E ancora: “La sezione stradale in più punti non consente questi passaggi che sfiorano facciate, finestre e pedoni riparati su anfratti di marciapiedi. Impossibile nel caos persino scambiare due parole. Quale alternativa hanno i residenti se non starsene barricati tutto l’anno con finestre ben serrate?”.

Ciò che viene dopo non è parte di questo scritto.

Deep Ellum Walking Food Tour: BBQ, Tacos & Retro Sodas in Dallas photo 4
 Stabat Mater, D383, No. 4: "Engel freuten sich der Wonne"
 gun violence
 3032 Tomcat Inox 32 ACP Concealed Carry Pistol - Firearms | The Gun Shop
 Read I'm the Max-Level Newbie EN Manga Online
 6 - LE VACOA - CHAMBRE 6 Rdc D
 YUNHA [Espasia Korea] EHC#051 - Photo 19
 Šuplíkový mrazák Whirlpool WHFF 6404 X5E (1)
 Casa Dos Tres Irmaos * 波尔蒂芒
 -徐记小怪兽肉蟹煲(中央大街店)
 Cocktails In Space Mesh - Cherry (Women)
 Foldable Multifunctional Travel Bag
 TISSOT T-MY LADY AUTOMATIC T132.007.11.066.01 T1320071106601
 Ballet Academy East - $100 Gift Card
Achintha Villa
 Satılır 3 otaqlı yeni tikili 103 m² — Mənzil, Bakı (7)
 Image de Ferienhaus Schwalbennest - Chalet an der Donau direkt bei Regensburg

La capolista di Europa Verde, dunque, sottolineando ancor ai temi dell’inquinamewnto atmosferico e acustico, la “mancanza totale di agibilità per i pedoni sui marcipaiedi e sugli attraversamenti, aggravata anche dalla scara illuminazione del primo tratto della via” e la “mancanza di parcheggi per residenti e soste abusive in piazza Mojana”, propone alcune misure urgenti:
- Interdizione ai mezzi pesanti con riorganizzaione piu’ chiara della segnaletica a monte e videocamere di rilevazione delle infrazioni
- Moderazione di velocità ben segnalata e conseguente colonnina rilevatrice della velocita’
- Monitoraggio periodico dei livelli di inquinamento atmosferico e acustico tramite stazione di rilevamento dedicata
- Riserva su abbonamento di posti auto ai residenti, come succede in molte altre zone della città e divieto parcheggi camper
- Potenziamento del sistema di illuminazione che è stato rinnovato solo nel tratto dall’Amministrazione provinciale verso via Bellinzona.